Video by Shania Twain
- Released: November 6, 2001
- Recorded: 1993–1999
- Genre: Country, pop, adult contemporary
- Length: 80:32 minutes
- Label: Mercury Nashville
- Director: Markus Blunder, Paul Boyd, John Derek, Steven Goldmann, David Hogan, Larry Jordan, Sean Penn, Charley Randazzo, Timothy White

Shania Twain chronology
| Come On Over: Video Collection (1999) | The Platinum Collection (2001) | The Specials (2001) |

= The Platinum Collection (Shania Twain album) =

The Platinum Collection is the first music video compilation by Canadian singer Shania Twain. It was released on November 6, 2001 by Mercury Nashville Records. The video consists of the music videos from Twain's first three studio albums, Shania Twain (1993), The Woman in Me (1995) and Come on Over (1997), with the exception of "When" (1998), which was released exclusively to the United Kingdom. In 2004, the video was certified platinum by the RIAA for shipments of over 100,000 copies in the United States.

==Track listing==

| No. | Title | Director(s) | Length |
|---|---|---|---|
| 1. | "What Made You Say That" | Steven Goldmann | 3:01 |
| 2. | "Dance with the One That Brought You" | Sean Penn | 2:31 |
| 3. | "You Lay a Whole Lot of Love on Me" | Goldmann | 2:50 |
| 4. | "Whose Bed Have Your Boots Been Under?" | John Derek | 4:28 |
| 5. | "Any Man of Mine" (video version) | Derek; Charley Randazzo; | 4:12 |
| 6. | "The Woman in Me (Needs the Man in You)" | Markus Blunder | 4:49 |
| 7. | "(If You're Not in It for Love) I'm Outta Here!" | Goldmann | 4:37 |
| 8. | "You Win My Love" (Mutt Lange mix) | Goldmann | 4:32 |
| 9. | "No One Needs to Know" (all performance version) | Goldmann | 3:47 |
| 10. | "Home Ain't Where His Heart Is (Anymore)" | Goldmann | 4:14 |
| 11. | "God Bless the Child" (single mix) (country version) | Larry Jordan | 3:51 |
| 12. | "Love Gets Me Every Time" | Timothy White | 3:37 |
| 13. | "Don't Be Stupid (You Know I Love You)" | Jordan | 3:38 |
| 14. | "You're Still the One" (international version) | David Hogan | 3:22 |
| 15. | "Honey, I'm Home" | Jordan | 3:45 |
| 16. | "From This Moment On" (the right mix) (blooper version) | Paul Boyd | 3:57 |
| 17. | "That Don't Impress Me Much" | Boyd | 3:47 |
| 18. | "Man!
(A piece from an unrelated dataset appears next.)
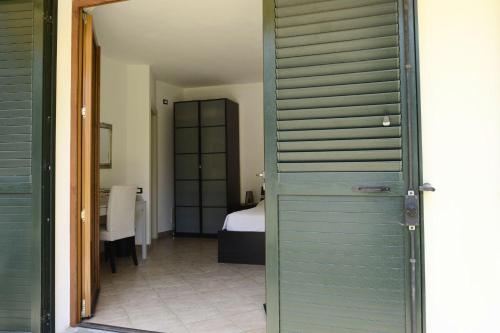 a door leading to a bedroom with a bed at Pian di luna in Sarzana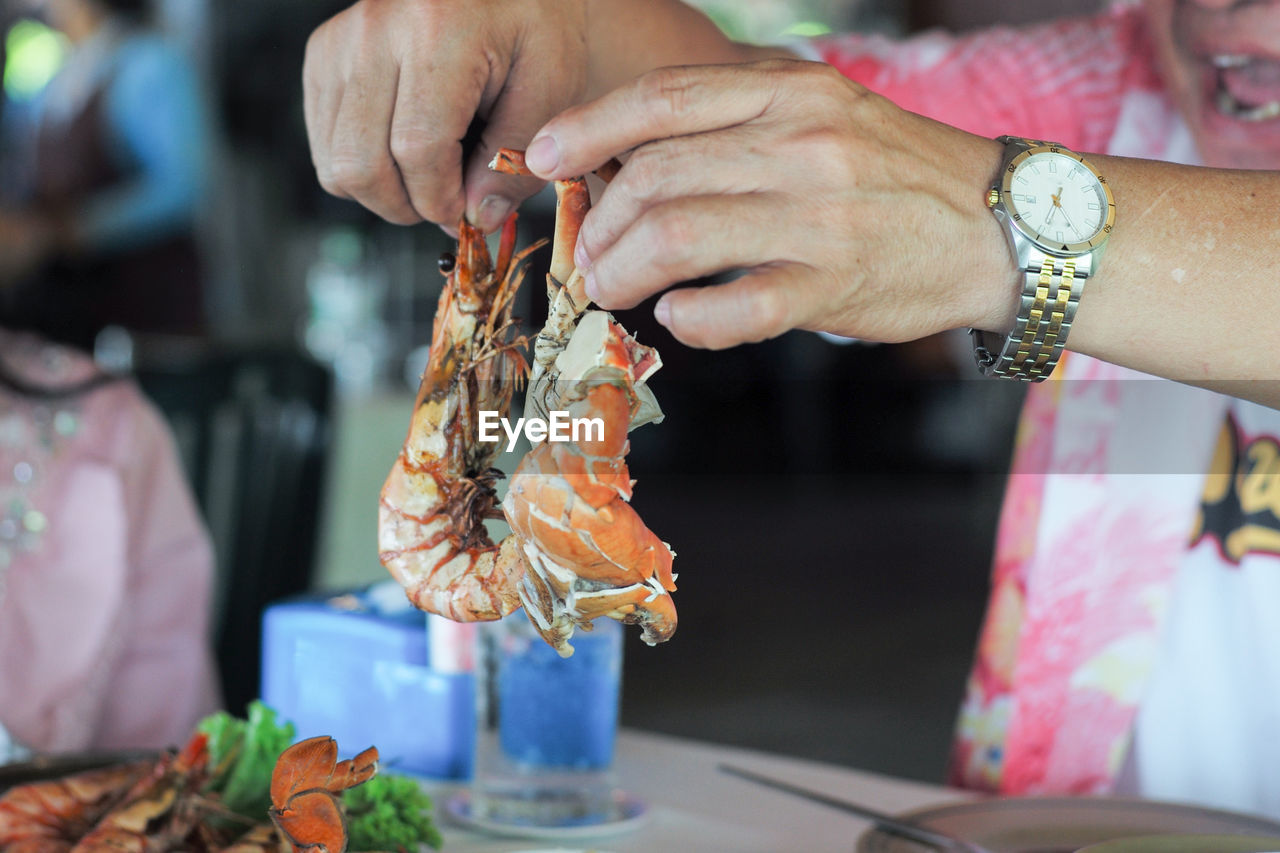 Closeup hands of man holding the steamed shrimp and clap.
I Feel Like a Woman!" (alternate mix) | Boyd | 3:57 |
| 19. | "You've Got a Way" (Notting Hill remix) (all performance version) | Boyd | 3:30 |
| 20. | "Come on Over" | Jordan | 3:13 |
| 21. | "Rock This Country!" | Jordan | 4:20 |

==Certifications==

| Region | Certification | Certified units/sales |
| Brazil (Pro-Música Brasil) | Gold | 25,000^{*} |
| United Kingdom (BPI) | 2× Platinum | 100,000^{*} |
| United States (RIAA) | Platinum | 100,000^{^} |
^{*} Sales figures based on certification alone. ^{^} Shipments figures based on certification alone.